Firmy badawcze największymi przegranymi wyborów prezydenckich w USA?
Liczenie głosów w wyborach prezydenckich w USA jeszcze trwa. Walka między Joe Bidenem a Donaldem Trumpem jest bardzo wyrównana i określana jest mianem największej batalii o Biały Dom w historii. Tymczasem przedwyborcze sondaże wskazywały na zdecydowaną przewagę Joe Bidena w wyścigu o prezydencki fotel. Zdaniem ekspertów z firm badawczych rozbieżności spowodowane są niedoszacowaniem tzw. shy voters, którzy nie chcą ujawniać swojego poparcia dla Donalda Trumpa.
Publikowane na kilka dni przed wyborami prezydenckimi sondaże przedwyborcze w USA, podobnie jak na przestrzeni ostatnich tygodni dawały wyraźne zwycięstwo Joe Bidenowi. Miał mieć ok 52 proc. głosów, podczas gdy obecnie urzędujący prezydent Donald Trump - ok. 43 proc.
Podobnie jak przed 4 laty instytuty badawcze w Stanach Zjednoczonych nie doszacowały wyników wyborczych
Donalda Trumpa. Z ich sondaży wynikało bowiem, że przewaga Biodena nad Trumpem w wyborach powszechnych może wynieść nawet 7,4 proc. tymczasem okazuje się, że miał on zaledwie 1,1 proc. przewagi nad dotychczasowym prezydentem.

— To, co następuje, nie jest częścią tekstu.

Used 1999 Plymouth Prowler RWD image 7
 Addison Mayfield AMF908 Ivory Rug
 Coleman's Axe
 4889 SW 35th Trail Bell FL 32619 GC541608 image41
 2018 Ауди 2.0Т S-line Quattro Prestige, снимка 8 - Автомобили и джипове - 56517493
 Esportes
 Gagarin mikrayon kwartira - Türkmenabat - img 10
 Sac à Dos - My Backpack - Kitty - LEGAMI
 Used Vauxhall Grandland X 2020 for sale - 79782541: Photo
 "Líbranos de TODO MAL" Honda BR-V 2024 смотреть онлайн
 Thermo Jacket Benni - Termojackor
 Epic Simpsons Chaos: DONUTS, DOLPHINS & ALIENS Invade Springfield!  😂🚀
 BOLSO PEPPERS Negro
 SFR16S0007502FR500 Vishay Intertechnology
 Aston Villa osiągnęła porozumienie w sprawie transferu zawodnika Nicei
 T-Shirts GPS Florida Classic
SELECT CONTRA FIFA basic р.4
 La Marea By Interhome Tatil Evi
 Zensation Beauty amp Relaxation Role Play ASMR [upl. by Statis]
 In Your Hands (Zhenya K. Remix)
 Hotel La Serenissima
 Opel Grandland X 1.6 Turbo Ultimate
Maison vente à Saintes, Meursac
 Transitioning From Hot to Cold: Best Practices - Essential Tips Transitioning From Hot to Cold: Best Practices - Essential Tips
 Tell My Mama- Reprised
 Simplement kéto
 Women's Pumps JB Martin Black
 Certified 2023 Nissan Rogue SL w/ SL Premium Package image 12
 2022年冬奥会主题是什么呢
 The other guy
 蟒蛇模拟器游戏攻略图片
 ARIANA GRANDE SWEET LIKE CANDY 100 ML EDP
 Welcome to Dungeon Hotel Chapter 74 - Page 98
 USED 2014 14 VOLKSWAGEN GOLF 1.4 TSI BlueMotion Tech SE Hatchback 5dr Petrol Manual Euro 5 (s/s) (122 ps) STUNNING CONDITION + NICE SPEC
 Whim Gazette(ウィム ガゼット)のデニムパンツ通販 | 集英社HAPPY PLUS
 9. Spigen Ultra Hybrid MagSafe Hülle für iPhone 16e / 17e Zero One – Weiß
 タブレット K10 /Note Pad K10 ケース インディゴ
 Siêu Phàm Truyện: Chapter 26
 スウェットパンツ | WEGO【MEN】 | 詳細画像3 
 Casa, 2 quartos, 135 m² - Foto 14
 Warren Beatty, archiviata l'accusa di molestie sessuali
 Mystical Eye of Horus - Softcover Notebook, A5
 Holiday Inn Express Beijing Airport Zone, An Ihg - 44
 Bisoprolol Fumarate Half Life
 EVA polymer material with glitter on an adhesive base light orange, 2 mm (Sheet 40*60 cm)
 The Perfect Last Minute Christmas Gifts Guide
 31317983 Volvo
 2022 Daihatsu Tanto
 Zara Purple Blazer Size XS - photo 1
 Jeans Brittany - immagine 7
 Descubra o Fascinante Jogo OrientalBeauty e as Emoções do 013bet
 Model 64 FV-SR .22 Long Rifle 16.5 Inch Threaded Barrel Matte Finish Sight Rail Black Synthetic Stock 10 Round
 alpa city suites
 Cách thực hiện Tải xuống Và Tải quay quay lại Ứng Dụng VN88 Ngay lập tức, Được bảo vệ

Podobnie było w przypadku szacowania wyniku wyborów w poszczególnych stanach Ameryki. Wprawdzie instytuty wytypowały zwycięstwa w każdym z nich, jednak nie doszacowały wyników kandydatów. I tak np. I tak np. wg sondaży przedwyborczcyh Biden miał zdobyć w Wisconsin 6,7 proc. przewagę nad Trumpem, finalnie okazało się, że miał zaledwie 0,7 proc. więcej głosów.
Powtórka sprzed 4 lat?
Dla Michał Raszki, członka zarządu w agencji public relations Grupa PRC Holding, wykładowcy w Wyższej Szkole Bankowej w Chorzowie obecnie największym przegranym wyborów w USA są firmy badawcze, które prognozowały na podstawie sondaży ich wynik.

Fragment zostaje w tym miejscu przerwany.